Avustralya için bu kadar yazdıktan sonra ülkemize baktığımızda geçen hafta gündem tamamen sınır ötesi operasyondu. Neredeyse 10 gündür devam eden operasyon her şeyi unutturdu. Ekonomiyi, zamları, işsizliği, iç politikadaki gerginliği her şeyi. Amerika’nın bir dost, bir düşman olduğu, Rusya’nın ne olduğu belli bile olmadığı bu sınır ötesi operasyonda asıl kimin kazançlı olduğu doların geldiği durumla aslında gayet açık ve seçik görünüyor.
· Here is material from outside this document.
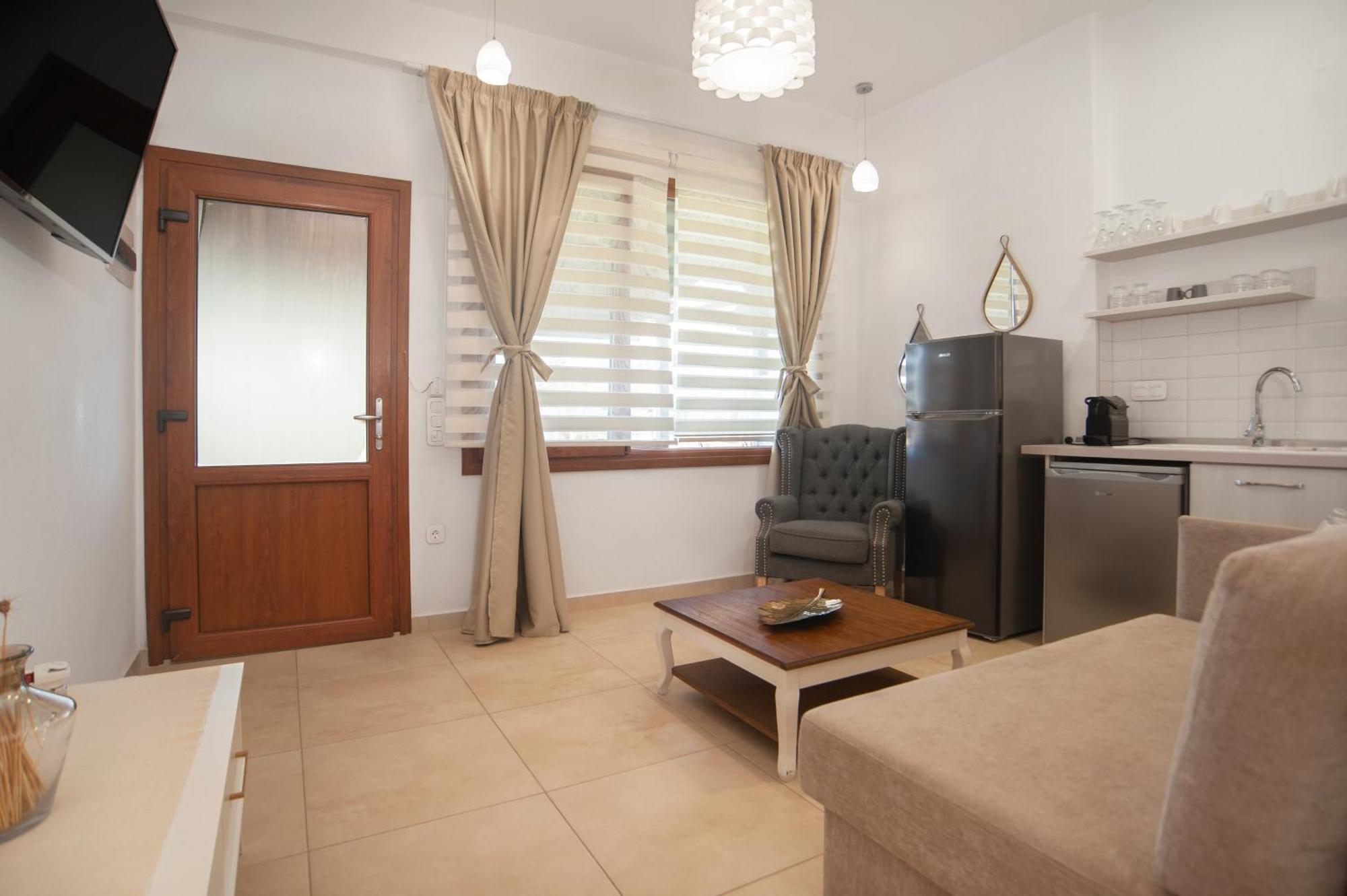 Komitsa Luxury Apartments Nea Roda Exteriér fotografie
Her kriz çıkan bölgede savaş psikolojisiyle yaşanan ekonomik kaygıların piyasaya nasıl etki yaptığı konusunda uzman olan egemenler Türkiye’de yaşanan durumdanda aslında gayet memnunlar. Bu hareketlilik ne kadar uzun sürerse o kadar karlılar. ABD’nin son önerdiği kontrollü bölge projesi Türkiye tarafından çok da sıcak karşılanmadı. Bu da tabi deli başı Trumph’ın hoşuna gitmedi. Adam ne güzel ara bulucu olarak bölgeye çöreklenip petrol, gazın tam kontrolünü ele geçirecekken hesapları tam tutmadı. Şimdilik tabi.
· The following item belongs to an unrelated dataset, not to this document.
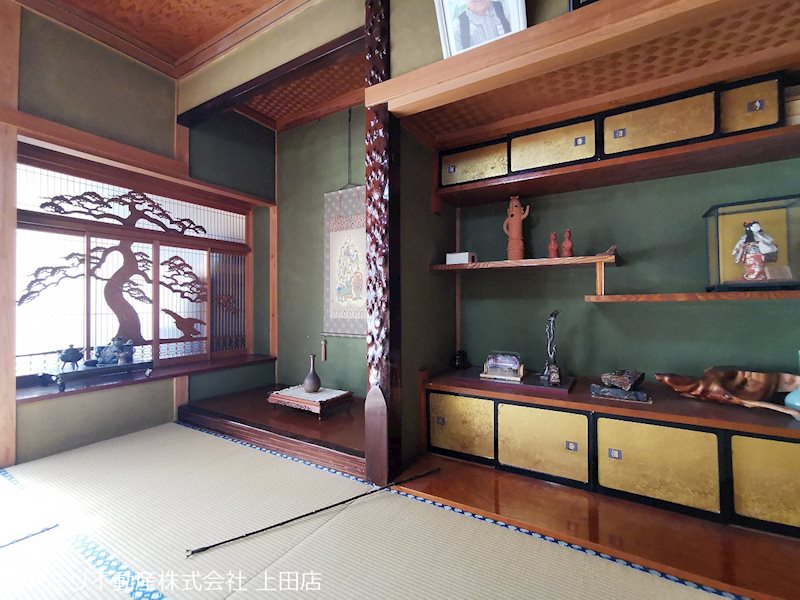 上田市常磐城　中古戸建 内観写真（リビング）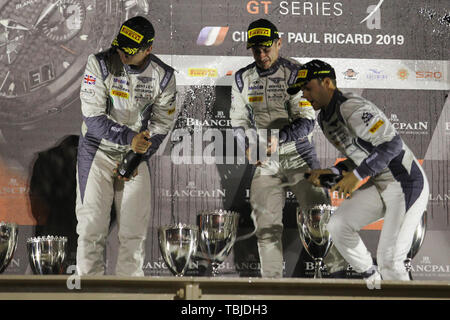 Le Beausset, Frankreich. 01 Juni, 2019. Bentley Team M-Sport Fahrer Jordanien Pfeffer, Steven Kane & Jules Gounon feiern Sieg auf dem Podium während der blancpain GT Serie Endurance Cup am Circuit Paul Ricard, Le Beausset, Frankreich Am 1. Juni 2019. Foto von Jurek Biegus. Credit: UK Sport Pics Ltd/Alamy leben Nachrichten Stockfoto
Bölgeyle ilgili bir başka söylenti de Suriye ile ilgili. Yapılan operasyonun aslında Suriye’nin toparlanmasına milli birlik için ateşleyici bir sebep olabileceği konuşuldu geçen hafta. İç karışıklığı halen devam eden, mezhepsel çatışmaları son bulmayan bir toplum için milli birlikten ne kadar bahsedilir bilmem ama bu ihtimal yani Suriye’nin Türkiye tarafından yapılan operasyon dolayısıyla silkinip kendine geleceği bana biraz uzak bir ihtimal gibi geliyor. Bekleyip hep birlikte göreceğiz.
Aborgin halkının “invasion” yani istila günü olarak andığı bu günde biz de onların acılarını paylaşarak tüm insanlık için aydınlık bir gelecek diliyoruz.